= EXERCISE BRIEF =
Could you restate every entry word for word, minus the pictures?
··· INPUT MATERIAL ···
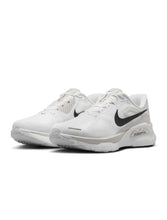 Load image into Gallery viewer, Nike Mens Structure Plus - White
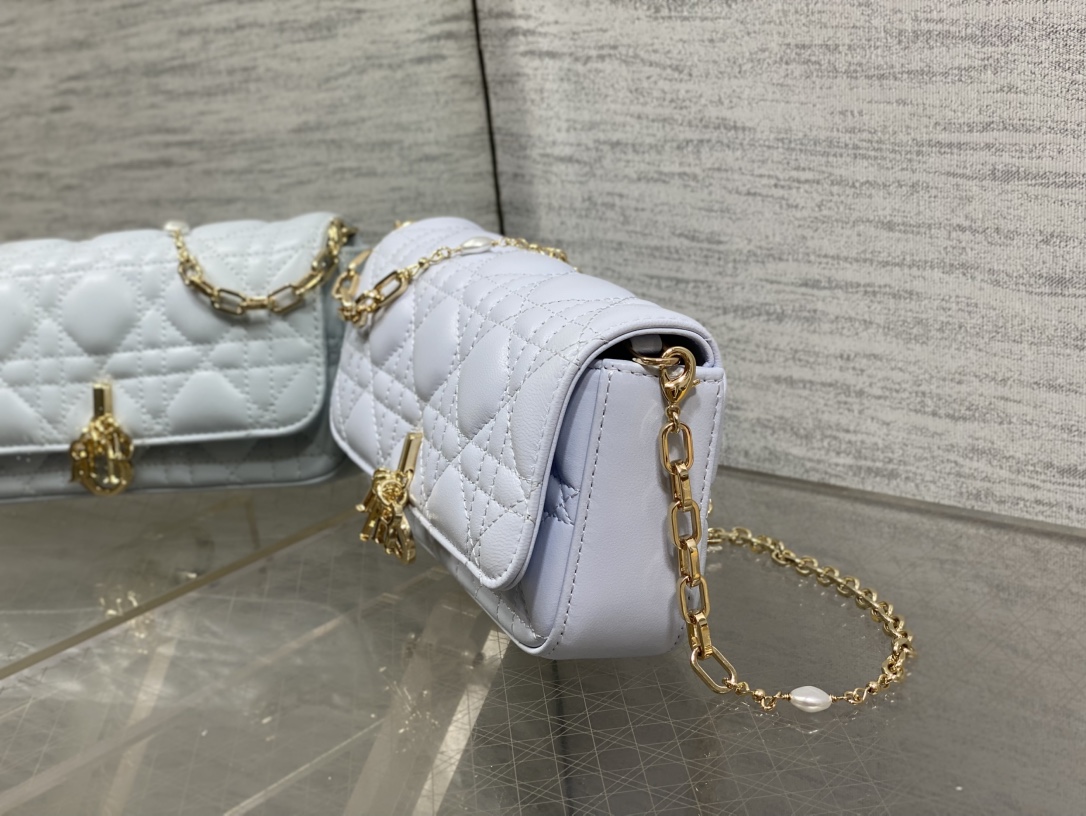 湖水蓝现货‼️最新珍珠链条包🆕标志性的藤纹格,经典的字母吊饰👏 搭配柔软的羊皮,优雅又时尚🙋 ,亮点在于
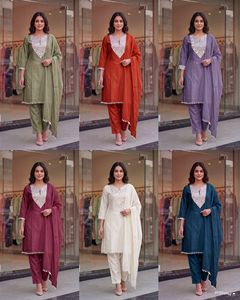 Vêtements ethniques prêts-à-porter pour femmes, avec dupatta assortie. Achetez directement auprès du fournisseur au prix de gros. - Product Image 6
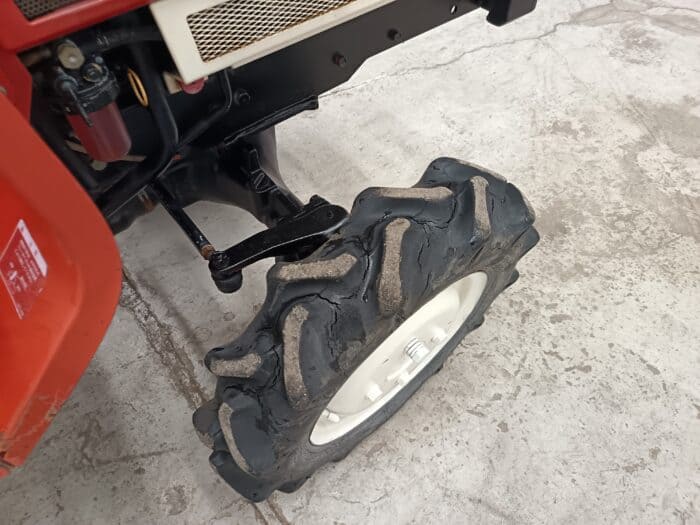 Yanmar F15D 4WD minitraktori 150 cm takalanalla - Image 13
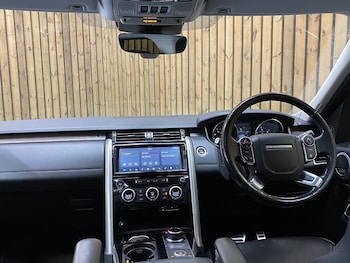 Used Land Rover Discovery 2017 for sale - 78765594: Photo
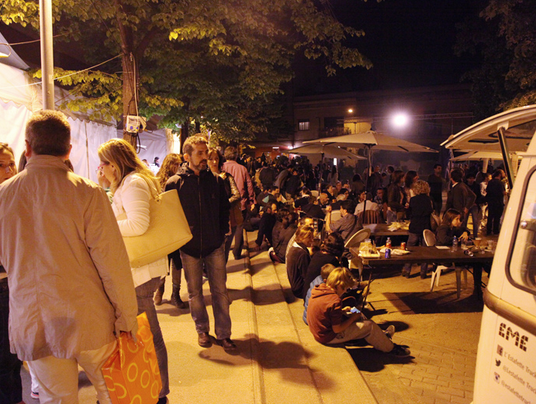 Els Food Trucks han omplert la plaça de Pep Ventura aquest dissabte al vespre. FOTO: Lali Puig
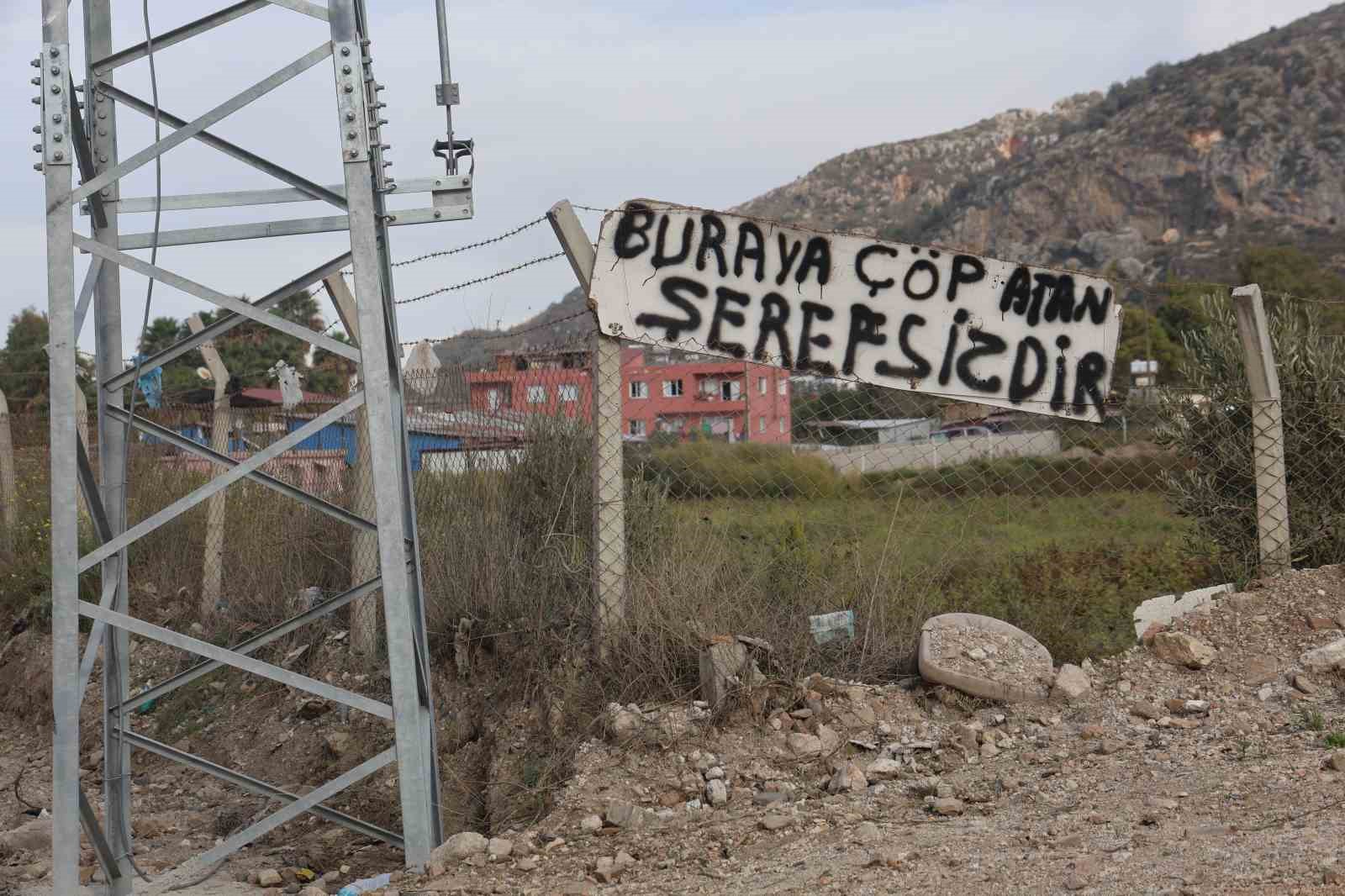evinin yanindaki araziye cop atanlardan bikti cozumu buraya cop atan serefsizdir yazisiyla buldu 2 sV2padww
···
= ANSWER TO THE PROBLEM =
 Load image into Gallery viewer, Nike Mens Structure Plus - White
 湖水蓝现货‼️最新珍珠链条包🆕标志性的藤纹格,经典的字母吊饰👏 搭配柔软的羊皮,优雅又时尚🙋 ,亮点在于
 Vêtements ethniques prêts-à-porter pour femmes, avec dupatta assortie. Achetez directement auprès du fournisseur au prix de gros. - Product Image 6
 Yanmar F15D 4WD minitraktori 150 cm takalanalla - Image 13
 Used Land Rover Discovery 2017 for sale - 78765594: Photo
 Els Food Trucks han omplert la plaça de Pep Ventura aquest dissabte al vespre. FOTO: Lali Puig
evinin yanindaki araziye cop atanlardan bikti cozumu buraya cop atan serefsizdir yazisiyla buldu 2 sV2padww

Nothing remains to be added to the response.